Negative case studies
* groups that tried to implement open governance and it didn't work out

Norms
* shared expectations about what is best, or appropriate, see "best practices".
* See also Benkler on norms as one way to help fulfill the
"integrating" function that combines modules generated in a
peer-production environment. The norms will indicate what modules are "appropriate to" or "good enough for" the project, and also also how they should fit together (e.g. "good fences make good neighbours").
Technologies that "do" integration are likely to embody
community/organizational norms (see "Transparency").

Organization
* Since we seem to be using this word a lot, we might as well try to define it ;-P. Maybe an "organization" is roughly what happens when a set of norms is made transparent.

Organizational learning (or "learning-as-a-group")
* We might think good "organizational learning" should include establishing understandings of "norms" or expectations about what is best, at least for now, or what is considered a beneficial goal in the long term (see "norms").

(Organizational) partnership (also "Consortium/Coalition/Collaboration/team-up")
* This seems like an interesting case because it requires
organizations (not just people) to work across their boundaries and find (sub)sets of shared norms.
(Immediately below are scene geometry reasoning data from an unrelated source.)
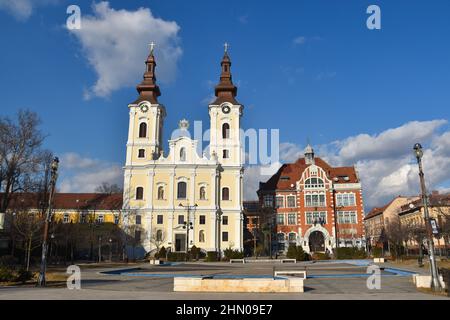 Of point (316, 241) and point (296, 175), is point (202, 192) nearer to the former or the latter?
point (296, 175)

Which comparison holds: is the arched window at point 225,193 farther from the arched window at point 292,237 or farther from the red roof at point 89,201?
the red roof at point 89,201

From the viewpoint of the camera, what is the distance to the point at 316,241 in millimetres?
67062

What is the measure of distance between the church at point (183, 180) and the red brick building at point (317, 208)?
9.99 metres

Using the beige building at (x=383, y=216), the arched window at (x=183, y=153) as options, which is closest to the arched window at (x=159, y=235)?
the arched window at (x=183, y=153)

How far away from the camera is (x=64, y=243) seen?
49.6 meters

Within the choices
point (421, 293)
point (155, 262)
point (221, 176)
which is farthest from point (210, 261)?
point (421, 293)

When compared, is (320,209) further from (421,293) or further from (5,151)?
(421,293)

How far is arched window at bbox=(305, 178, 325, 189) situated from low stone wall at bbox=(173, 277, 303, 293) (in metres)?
54.8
It can provide one model for what happens when people get together to collaborate, too, though probably not a perfect one.

Peer-based learning
* see peer-to-peer learning

Peer-to-peer learning
* see http://open-governance-and-learning.posterous.com/peer-to-peer-learning

Protocol
* relation to standards, as in open standards

The Farm
* Intentional community in Tennessee USA.

Transparency
* Often applied to processes like voting or accounting.
* Many governments have some variant on the "freedom of information act". But many also have state secrets. Similarly, a governance model like "rough consensus" may be perfectly open, but not completely transparent as to how it works.
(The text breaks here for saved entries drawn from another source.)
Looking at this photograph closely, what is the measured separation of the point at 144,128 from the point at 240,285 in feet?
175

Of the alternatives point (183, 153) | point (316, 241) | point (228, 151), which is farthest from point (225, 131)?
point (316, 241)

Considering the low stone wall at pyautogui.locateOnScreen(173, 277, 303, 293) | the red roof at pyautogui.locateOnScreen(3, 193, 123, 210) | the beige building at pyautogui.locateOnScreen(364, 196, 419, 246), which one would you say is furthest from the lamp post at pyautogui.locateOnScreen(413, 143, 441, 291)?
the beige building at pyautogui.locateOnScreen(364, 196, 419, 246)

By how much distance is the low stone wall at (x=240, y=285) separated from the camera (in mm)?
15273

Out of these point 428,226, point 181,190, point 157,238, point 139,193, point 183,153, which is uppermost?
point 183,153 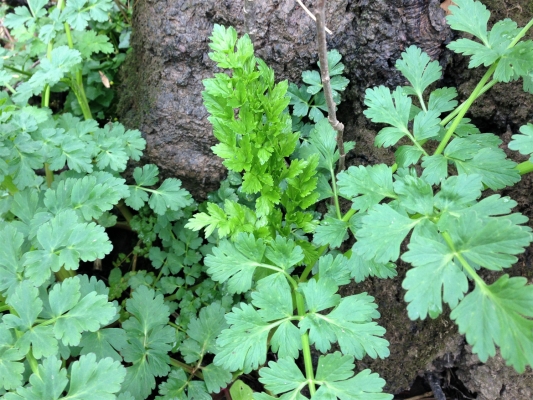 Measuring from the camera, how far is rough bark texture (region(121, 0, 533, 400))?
1923 mm

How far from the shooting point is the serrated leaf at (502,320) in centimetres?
119

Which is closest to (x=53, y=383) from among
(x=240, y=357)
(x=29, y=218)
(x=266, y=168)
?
(x=240, y=357)

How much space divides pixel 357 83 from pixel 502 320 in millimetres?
1322

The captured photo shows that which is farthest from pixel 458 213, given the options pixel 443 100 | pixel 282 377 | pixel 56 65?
pixel 56 65

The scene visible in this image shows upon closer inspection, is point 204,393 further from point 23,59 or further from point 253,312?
point 23,59

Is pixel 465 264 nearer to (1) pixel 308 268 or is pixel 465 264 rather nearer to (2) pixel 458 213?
(2) pixel 458 213

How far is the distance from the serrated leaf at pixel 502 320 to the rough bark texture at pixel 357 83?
74 centimetres

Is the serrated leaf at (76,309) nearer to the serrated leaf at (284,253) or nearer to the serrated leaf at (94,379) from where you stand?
the serrated leaf at (94,379)

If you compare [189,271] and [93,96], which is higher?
[93,96]

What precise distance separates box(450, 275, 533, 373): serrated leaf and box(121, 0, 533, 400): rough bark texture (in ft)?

Transferable knowledge and/or skills
* skills and knowledge that are applicable in new contexts
* example: transferring best-practices from open governance
environments to more closed environments. How might a
(communications?) consultant transfer knowledge from openly governed projects to private and/or closed working bureaucracies? (thanks, Adil)
* transferable across scales, for example transferring skills from face-to-face organizations to global bodies.
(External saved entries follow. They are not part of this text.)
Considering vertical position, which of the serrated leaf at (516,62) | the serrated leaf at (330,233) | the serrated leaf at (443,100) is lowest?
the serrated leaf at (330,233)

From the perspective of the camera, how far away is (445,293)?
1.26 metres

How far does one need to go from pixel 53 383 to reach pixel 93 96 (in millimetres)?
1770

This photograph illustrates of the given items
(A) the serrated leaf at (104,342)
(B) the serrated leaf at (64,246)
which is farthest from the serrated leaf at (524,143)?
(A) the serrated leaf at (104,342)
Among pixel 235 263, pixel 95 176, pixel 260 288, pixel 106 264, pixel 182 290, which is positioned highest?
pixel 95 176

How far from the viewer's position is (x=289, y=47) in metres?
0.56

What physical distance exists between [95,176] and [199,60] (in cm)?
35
Transformative learning (thanks, Patrick)
* experience which changes the learner, and/or the learner's environment
* personal transformation; affecting a person's internal sense of the world, or actions toward others.
* structural transformation; affecting power relations
* example: A government organization on natural resources may voluntarily negotiate with a private company or other non-governmental organization. The negotiation might result in "transformational learning" that changes the way these decisions are made in the future (structural transformation). It may transform the individuals involved as well (personal transformation).

Katheryn Sutter's picture
Katheryn Sutter
Thu, 2011-02-10 02:51

Hi Marisa, I've made additions to the glossary from the DeLaat (2007) article on governance of open source. Thank-you for so strongly recommending this article in the flashMeeting this week. The glossary is still at http://piratepad.net/opengov-glossary, but should be put someplace more stable. "CivicSense"

Marisa Ponti's picture
Marisa Ponti
Thu, 2011-02-10 13:27

Hi Katheryn. Thanks a lot! I moved it to the blog

Joe Corneli's picture
Joe Corneli
Thu, 2011-02-10 14:47

I feel somewhat strongly that this shouldn't be a blog post because it is still very much a "living document" -- maybe more suitable for blogging when the course is *over* at which point the title might be "Terms and the definitions we finally agreed were suitable".

For the moment, as an alternative to Piratepad, I think it would be good to make a Glossary as a "Course Material" page here on P2PU. Will move the blog post there (hoping my reasons are clear enough and not too annoying for others!).

Marisa Ponti's picture
Marisa Ponti
Thu, 2011-02-10 14:53

no problem, Joe! Please remove it from there and find a better home!